Cette méthode d’écoute et de reformulation est finalement assez proche de ce que proposent, par exemple, les Équipes Notre-Dame avec le « devoir de s’asseoir ».

En partie, oui, mais lorsqu’un couple va mal, le « devoir de s’asseoir » peut vite se transformer en « devoir de se chamailler », et l’atelier d’écoute proposé en complément de la neuvaine est précisément construit pour éviter cet écueil. En disant cela, je ne remets bien évidemment pas en cause le bien-fondé et l’importance du « devoir de s’asseoir » !

L’atelier est-il pensé pour que les couples prennent un temps d’écoute chacun des neuf jours de la neuvaine ?

L’atelier d’écoute peut-être dissocié de la neuvaine elle-même, c’est à chaque couple de déterminer le temps dont il a besoin. Toujours est-il que cette écoute nécessite du calme et du silence pour que la conversation soit portée par une certaine vie intérieure. ­Même si les blessures à aborder avec son conjoint sont très profondes et douloureuses, il faut savoir trouver une atmosphère qui incite à la confiance et à la confidence.

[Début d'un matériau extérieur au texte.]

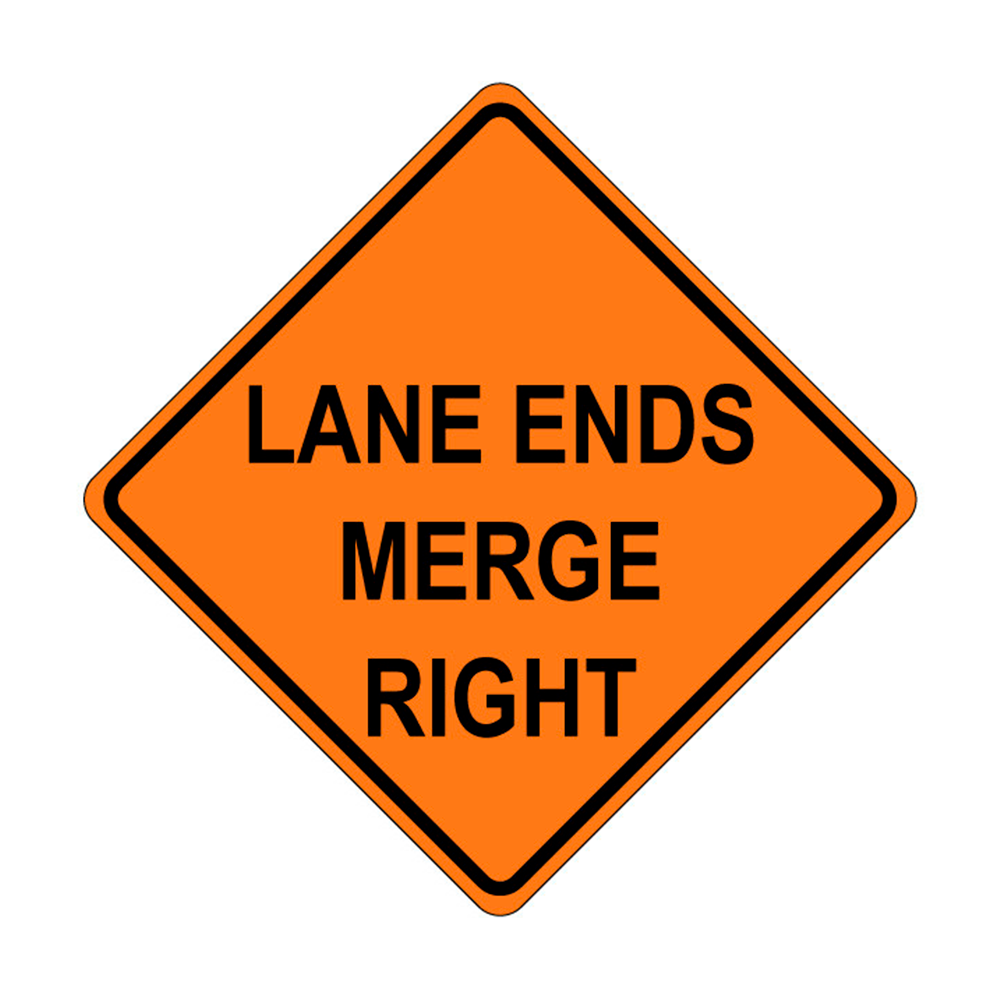 Lane Ends Merge Right Roll-Up Sign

Dans une ambiance de recueillement. Toute action pour porter du fruit doit jaillir de la prière avait dit un jour en substance Marthe Robin.

D’où vient cette méthode d’écoute proposée dans le livret ?

Elle vient d’abord de l’expérience de couples, affinée ensuite par des rencontres variées, des moines notamment. La vie monastique, dans son essence, est une vie de famille, différente certes de la famille naturelle, mais elle en est une analogie évidente (cf. Dom Massimo Lapponi, Saint Benoît et la vie de famille). Plus les moines seront moines, plus les couples seront couples. C’est le mystère de la communion des saints. « Toute âme qui s’élève élève le monde » disait un auteur spirituel. La vie de prière, l’ascèse, le travail, l’obéissance,… bref toutes les vertus propres à la vie monastique sont finalement de très bons outils pour que nous, laïcs, puissions nous « décaper » de l’intérieur.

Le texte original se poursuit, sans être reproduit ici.